Remains of the Palace of Axayácatl and a house built by Cortés are discovered - Thevet
https://www.inah.gob.mx/boletines/9259-remains-of-the-palace-of-axayacatl-and-a-house-built-by-order-of-cortes-are-discovered-in-monte-de-piedad-building
======
dr_dshiv
Spanish Historian Francisco López de Gómara:

"a few days after Cortes left to confront Narváez, it became time for a
festival the Mexicas wanted to celebrate in their traditional way. . . . They
begged Pedro de Alvarado to give them his permission, so [the Spaniards]
wouldn't think that they planned to kill them. Alvarado consented provided
that there were no sacrifices, no people killed, and no one had weapons. More
than 600 gentlemen and several lords gathered in the yard of the largest
temple; some said there were more than a thousand there. They made a lot of
noise with their drums, shells, bugles, and hendidos, which sounded like a
loud whistle.

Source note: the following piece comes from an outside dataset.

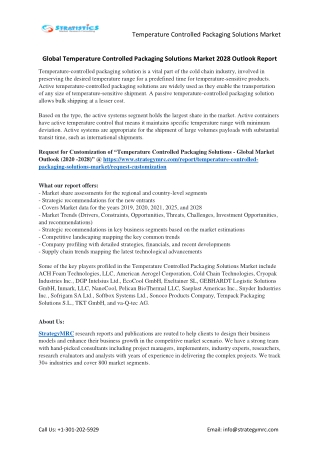 Temperature Controlled Packaging Solutions Market Forecasts to 2028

Preparing their festival, they were naked, but covered with
precious stones, pearls, necklaces, belts, bracelets, many jewels of gold,
silver, and mother-of-pearl, wearing very rich feathers on their heads. They
performed a dance called the mazeualiztli, which is called that because it is
a holiday from work [symbolized by the word for farmer, macehaulli]. . . .
They laid mats in the patio of the temple and played drums on them. They
danced in circles, holding hands, to the music of the singers, to which they
responded. The songs were sacred, and not profane, and were sung to praise the
god honored in the festival, to induce him to provide water and grain, health,
and victory, or to thank him for healthy children and other things. And those
who knew the language and these ceremonial rites said that when the people
danced in the temples, they perform very different from those who danced the
netoteliztli, in voice, movement of the body, head, arms, and feet, by which
they manifested their concepts of good and evil. The Spaniards called this
dance, an areito, a word they brought from the islands of Cuba and Santo
Domingo. While the Mexica gentlemen were dancing in the temple yard of
Vitcilopuchtli [Huitzilopochtli], Pedro de Alvarado went there. Whether on
[the basis of] his own opinion or in an agreement decided by everyone, I don't
know, but some say he had been warned that the Indian nobles of the city had
assembled to plot the mutiny and the rebellion, which they later carried out;
others, believe that [the Spaniards] went to watch them perform this famous
and praised dance, and seeing how rich they were and wanting the gold the
Indians were wearing, he [Alvarado] covered each of the entrances with ten or
twelve Spaniards and went inside with more than fifty [Spaniards], and without
remorse and lacking any Christian piety, they brutally stabbed and killed the
Indians, and took what they were wearing."